Every year the Commercial Vehicle Safety Alliance (CVSA) stages an all-out 72-hour inspection effort, called International Roadcheck. This June 4-6 will be no different, as U.S. federal and state inspectors, plus their Canadian and Mexican counterparts, will conduct Level 1 inspections of drivers and vehicles at 1,500 locations. Nearly 15 trucks or buses will be inspected, on average, every minute across North America.
Level 1 inspections are comprehensive, covering every major vehicle system. For drivers, the Level 1 inspection will look at commercial driver’s licenses (CDLs), medical certificates, hours-of-service (HOS) records, and recent vehicle inspection reports. Additionally, inspectors will check drivers for seat belt use, illness, fatigue and any indication of drugs or alcohol. For more about Level 1 inspections, see CVSA’s “North American Standard Roadside Inspection Vehicle Cheat Sheet.”

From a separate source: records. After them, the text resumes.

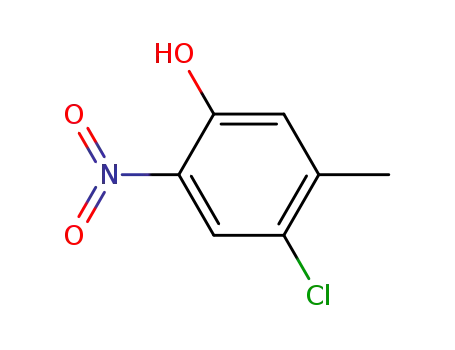 Molecular Structure of 7147-89-9 (4-CHLORO-6-NITRO-M-CRESOL)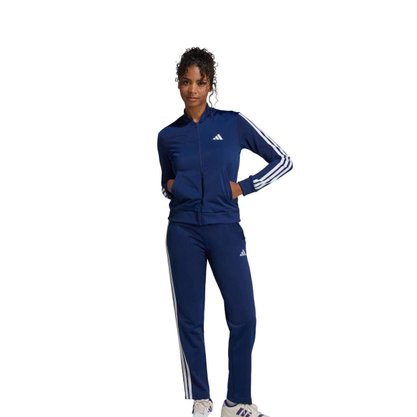 Agasalho Adidas Essentials 3-Stripes Feminino JD5435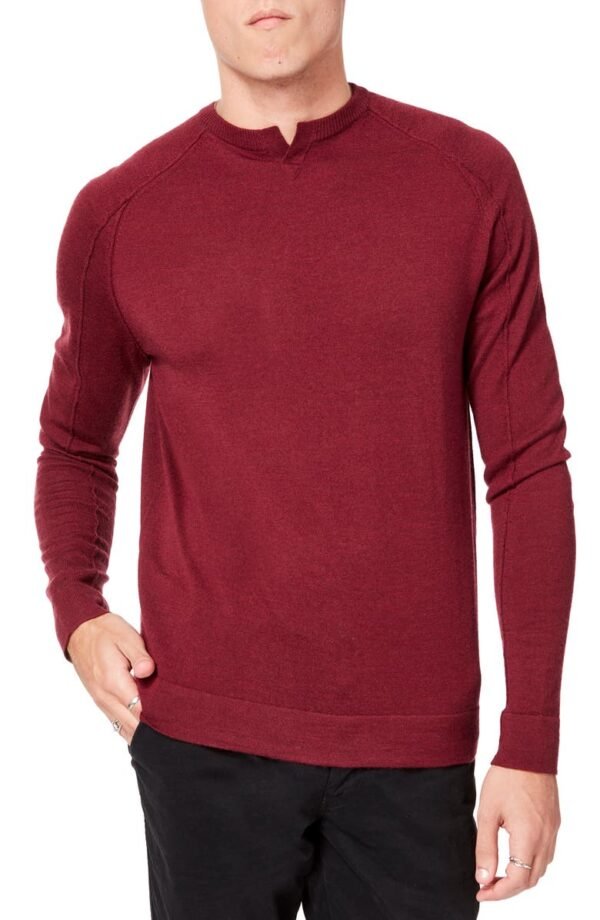 Good Man Brand - MVP Slim Fit Notch Neck Wool Sweater - Image 30
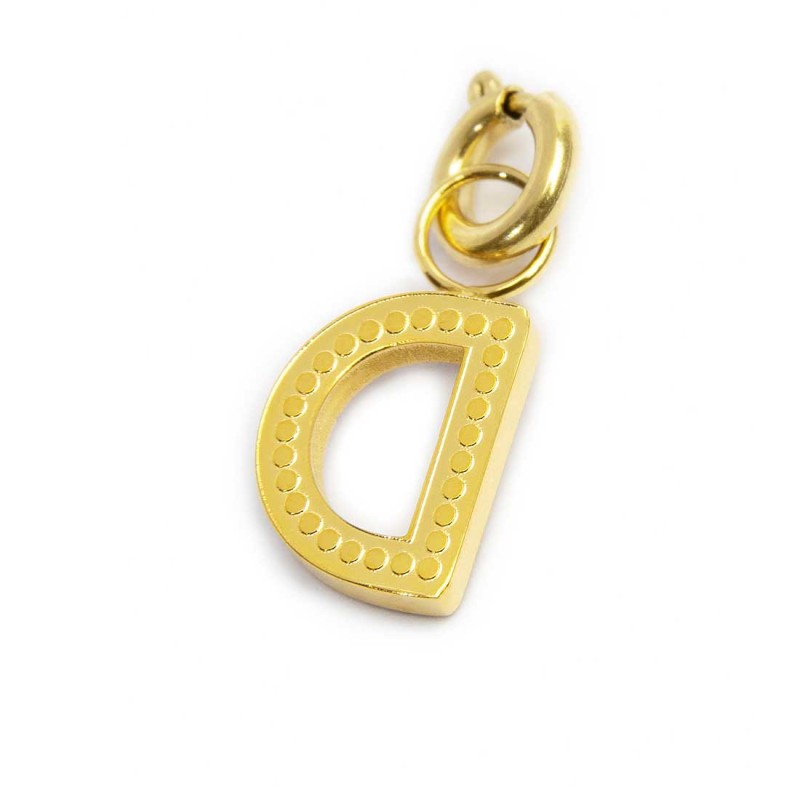 Charm lettera D con cristalli - Desidero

Each year Roadcheck brings a special focus on one area of the Level 1 inspection. For 2019, it will be on steering and suspension systems. Steering and suspension are critical safety systems, affecting vehicle control, stability, acceleration, braking and tire wear.

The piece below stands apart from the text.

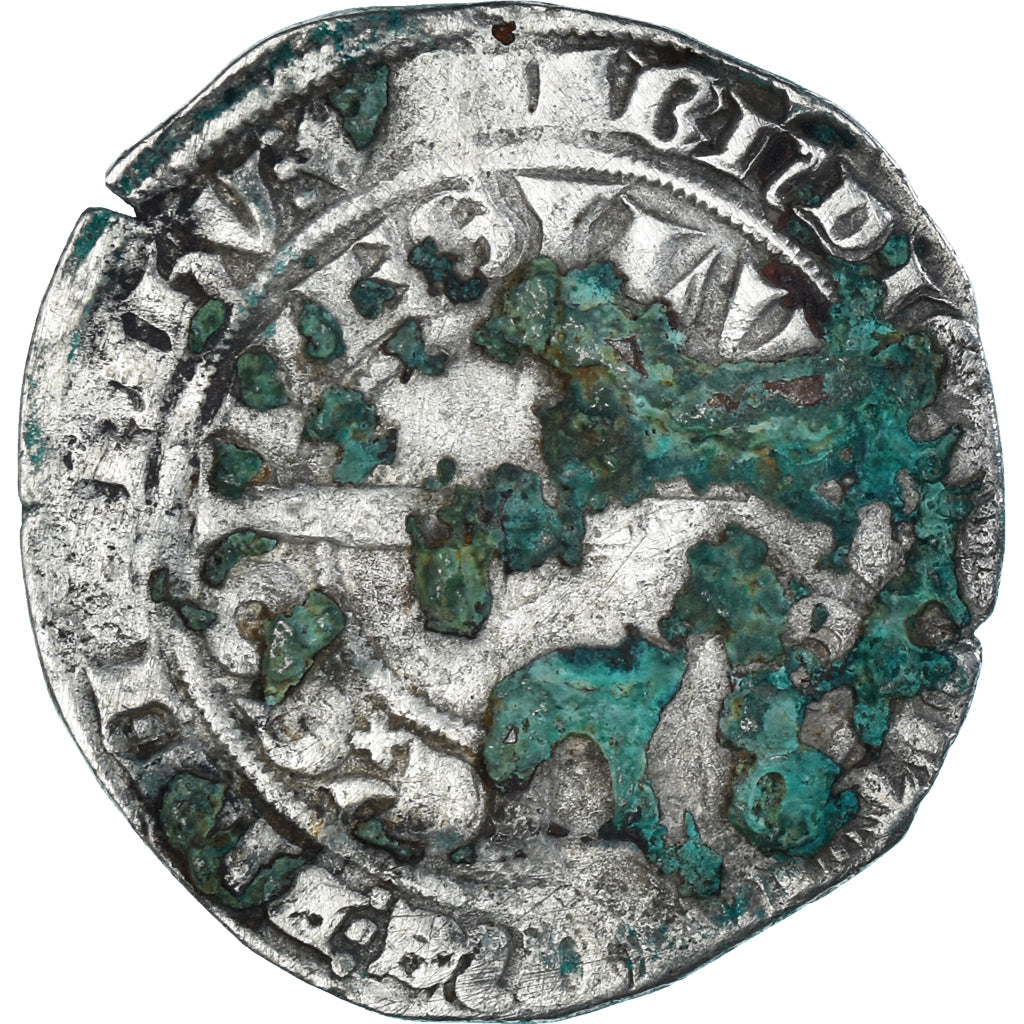 Moneda, Francia, Flanders, Louis II de Mâle, Gros, 1346-1384, BC+, Plata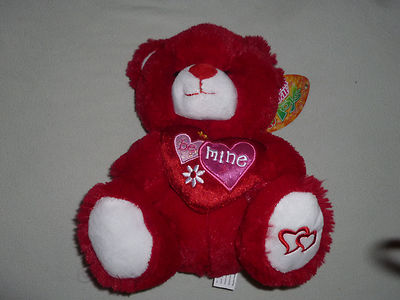 NEW W TAG RED BE MINE VALENTINES BEAR PLUSH TOY SUGAR LOAF NWT KELLYTOY HEARTS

There is still time to have your mechanic look over your commercial vehicle in preparation for Roadcheck. A clean inspection, after all, benefits your safety score and helps you qualify or remain qualified for electronic bypass programs, like PrePass, among many other reasons.

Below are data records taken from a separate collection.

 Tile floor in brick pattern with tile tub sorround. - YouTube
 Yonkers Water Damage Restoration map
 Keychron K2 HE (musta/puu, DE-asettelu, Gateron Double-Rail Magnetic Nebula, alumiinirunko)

Related: Steering into Roadcheck safety
But you want those inspections to be “clean.” Warning signs that something may be amiss with your steering and suspension include:
- Uneven tire wear
- Swaying or shaking while driving
- Problems handling bumps at low speeds
- Lurching or straying one direction or the other
- Not sitting level when parked
- Knocking or squealing sounds during turns
Have your vehicle ready for International Roadcheck, because it is likely you and your truck will be inspected. During Roadcheck most states and provinces will adjust their “pull-in” rate at weigh stations to check as many commercial vehicles as enforcement staffing allows – including those which would normally bypass inspection sites.
If you are going to get inspected anyway, make it count in your favor.